Mortgage Interest Tax Relief

Section 244 of the Taxes Consolidated Act 1997 provides for tax relief in respect of interest paid on qualifying loans taken out to purchase, repair or improve a property that is used as a sole or main residence.

The relief, which is due to end in 2017, is available in respect of all qualifying home loans taken out between 1 January 2004 and 31 December 2012.

Persons that purchased their home within this specified date range are entitled to a 30% rate of relief on interest paid up to an interest ceiling of €20,000 if married/widowed and €10,000 if single, for the first seven years. Thereafter, the ceiling reduces for the remaining years to a maximum of €6,000 if married/widowed and €3,000 if single.
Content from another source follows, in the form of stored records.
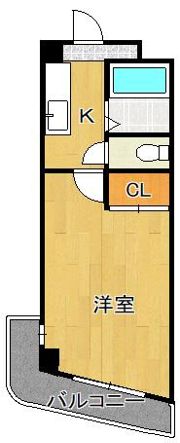 KMマンション北方の間取り画像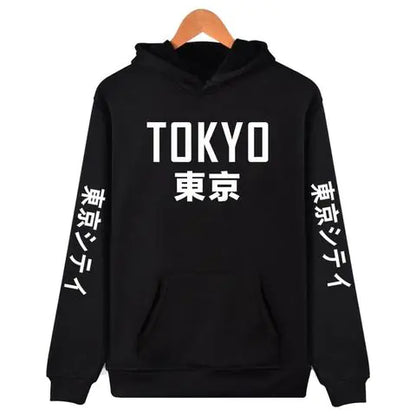Men's Hoodie Sportswear - Tokyo Food God Design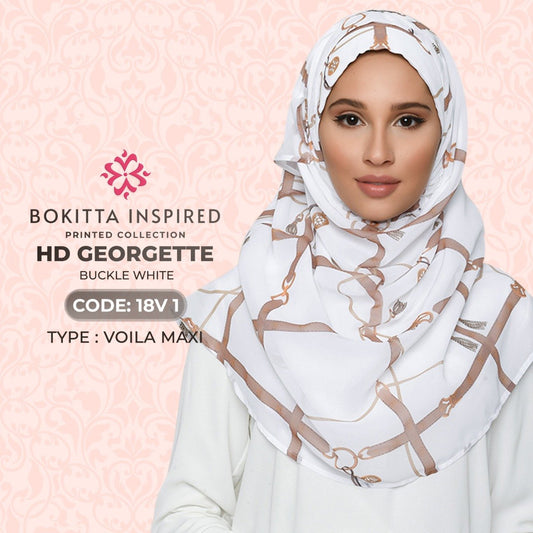 Bokitta Voila!Maxi Printed Crinkled Chiffon Collection 3.0 (18V)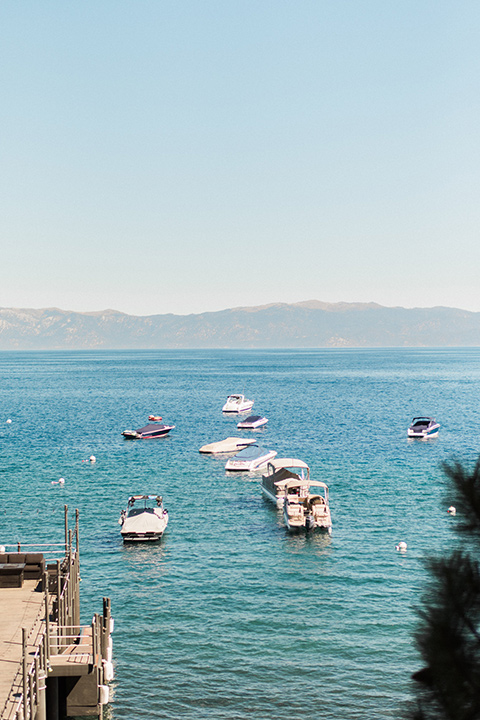 Lake Tahoe Wedding Lake Views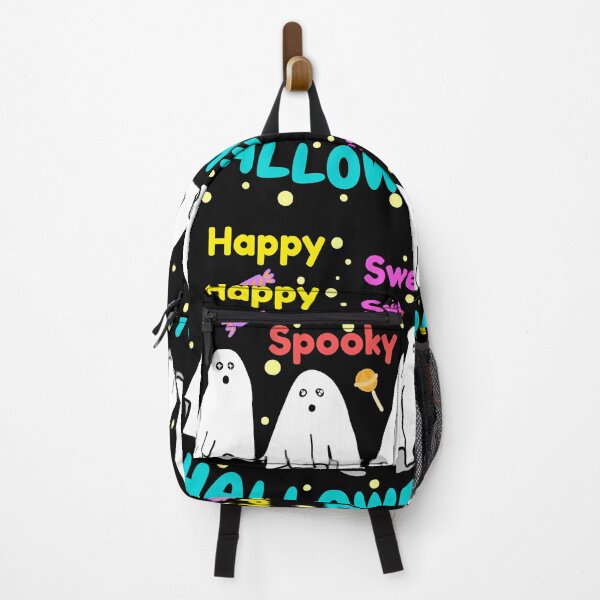 Item preview, Happy Spooky Sweet Halloween Ghosts designed and sold by HibouMagique.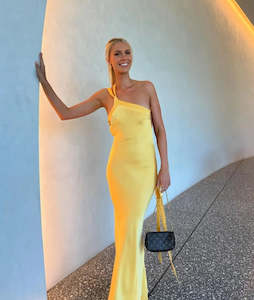 Rentals: ARCINA -ORI MONIQUE DRESS YELLOW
Revenue has informed me that the person would initially have been entitled to the relief at the 30% rate with effect from 1 January 2008 through to 31 December 2014. However the entitlement would have been discontinued from the time the person started to rent the property out because it no longer served as his/her sole or main residence.

If the person subsequently returned to live in the property as his/her sole or main residence, then he/she should reapply for mortgage interest relief.

Tax on rental income

I am informed by the Revenue Commissioners that the taxable amount of rental income from the letting of property is the gross rent less allowable expenses incurred in earning that rent, as specified in section 97(2) of the Taxes Consolidation Act (TCA) 1997. The main deductible expenses are:

- any rent payable by the landlord in the case of a sub-lease;

- the cost to the landlord of any goods provided or services rendered to a tenant;

- the cost of maintenance, repairs, insurance and management of the property; and

- interest on borrowed money used to purchase, improve or repair the property. This relief is restricted to 75% of the interest payable on borrowings related to residential property and is subject to full compliance with registration requirements of the Private Residential Tenancies Board.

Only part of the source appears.